Where we are — v0.2.x

  • ✅ tonic gRPC serving shell with three execution modes (inline / worker pool / batch collector).
  • ✅ Continuous batching that coalesces concurrent requests into one fused forward.
  • ✅ Burn CUDA DLRM backend (FP32/FP16) + opt-in cuTile fused interaction.
  • Route A: torch-dlrm backend serving TorchRec artifacts via tch-rs (libtorch 2.11 + FBGEMM 1.6.0) — matches the C++ baseline's latency, exceeds its throughput.
  • ✅ DLRM compare harness + documented benchmarks.

v0.3 — Route A hardening

Make the native-torch path production-shaped.

  • Fresh-weights artifact generated from the parked third_party/torchrec submodule (today's benchmark uses the existing random-weight artifact).
  • Link-time libtorch_cuda so the RTLD_GLOBAL dlopen workaround becomes optional; ship a clear runtime preload config either way.
  • Numerical parity check against a trained-weight artifact. (The sparse-layout correctness pass is done: the backend reorders batch-major wire ids into TorchRec's key-major KeyedJaggedTensor layout for both single and coalesced inference, covered by unit tests.)
  • INT8 / FP16 parity across both backends; document precision knobs.
  • CI that builds --features torch against a pinned libtorch and runs the smoke example.

v0.4 — Burn-native parity

Close the latency gap without libtorch, for the pure-Rust story.

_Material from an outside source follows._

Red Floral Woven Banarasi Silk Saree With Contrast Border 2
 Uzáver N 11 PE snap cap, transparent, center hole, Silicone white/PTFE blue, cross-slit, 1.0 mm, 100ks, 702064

  • Replace the 26 per-table embedding gathers with a table-batched gather.
  • Replace the 351 pairwise ops with a single batched-matmul (bmm) interaction + triangular gather (one kernel instead of ~700).
  • Quantized (INT8/FP16) embeddings in Burn.
  • Re-benchmark Burn vs route A vs the C++ baseline.

v0.5 — Transports

Deliver on "many transports externally."

  • HTTP/JSON ingress alongside gRPC (shared executor core).
  • QUIC transport.
  • First-class observability: Prometheus metrics, structured tracing, health endpoints (graceful drain already exists).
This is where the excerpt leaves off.